[EXERCISE PROMPT]: Output, word for word and without pictures, the lines from the one containing "Gîte pour 4 personnes à Gaillard - 2" through the final line of the listing below.

[DATASET CONTENT]:
- - - - - - -

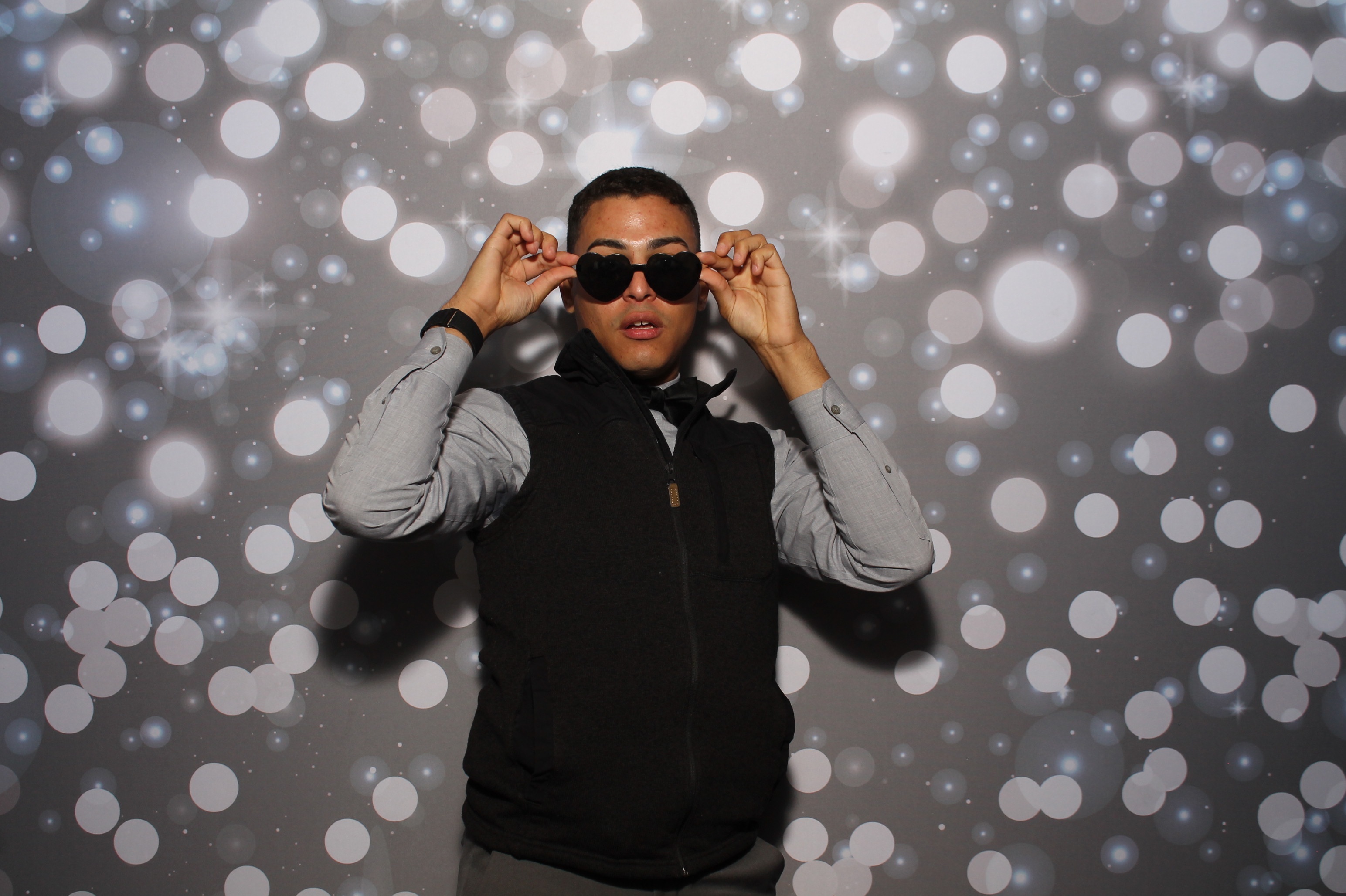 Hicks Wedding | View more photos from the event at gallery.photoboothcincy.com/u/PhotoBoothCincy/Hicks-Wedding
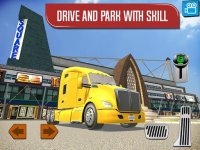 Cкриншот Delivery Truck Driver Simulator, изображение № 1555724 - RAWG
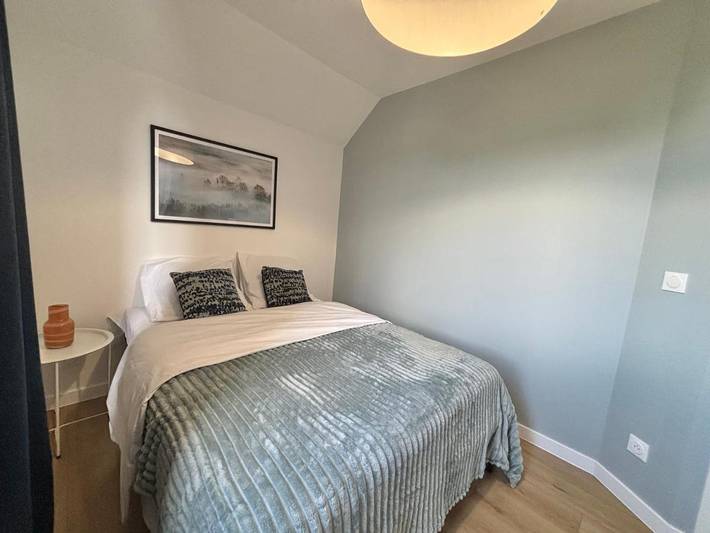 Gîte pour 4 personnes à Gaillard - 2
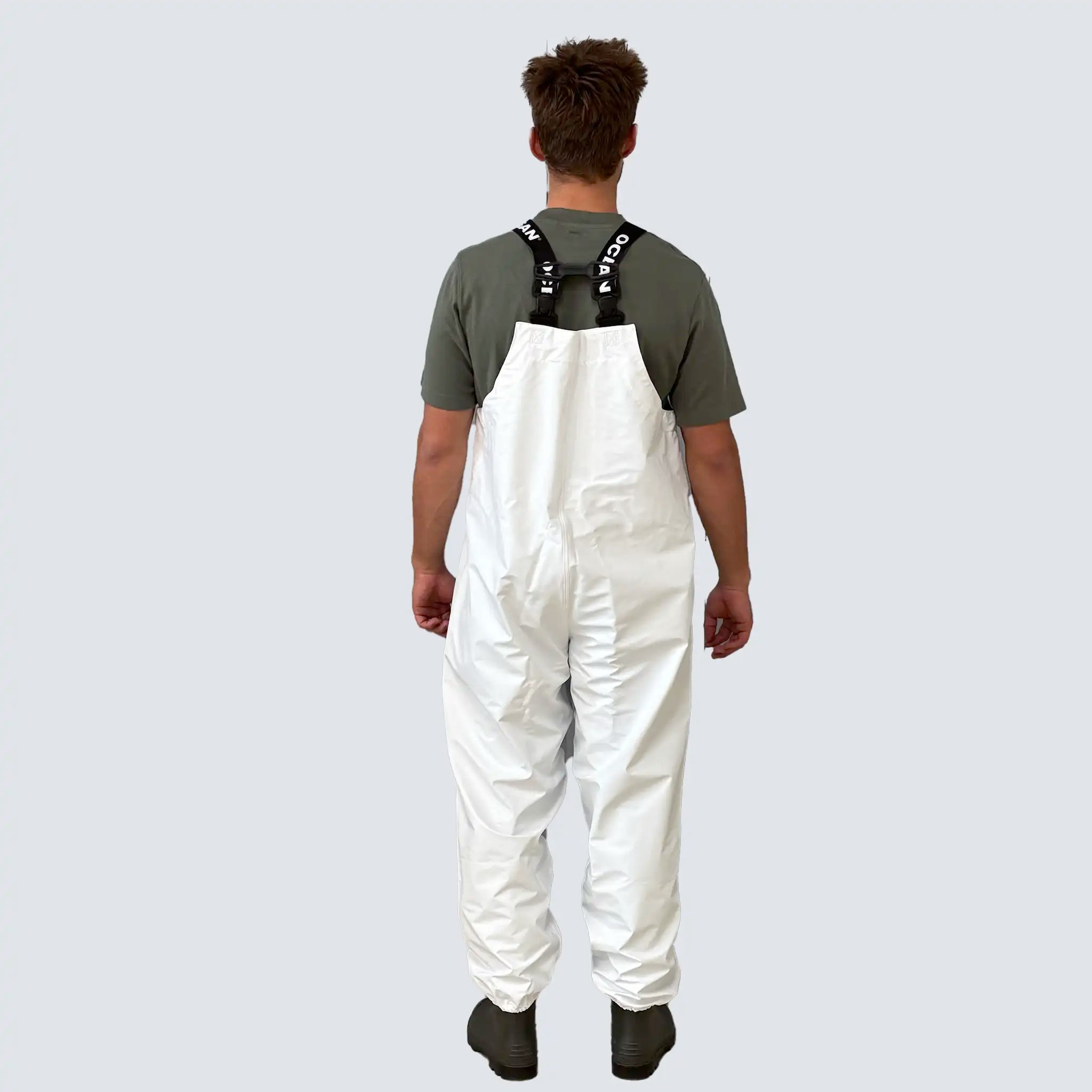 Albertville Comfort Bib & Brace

- - - - - - -

[THE COMPLETED TASK]:
 Gîte pour 4 personnes à Gaillard - 2
 Albertville Comfort Bib & Brace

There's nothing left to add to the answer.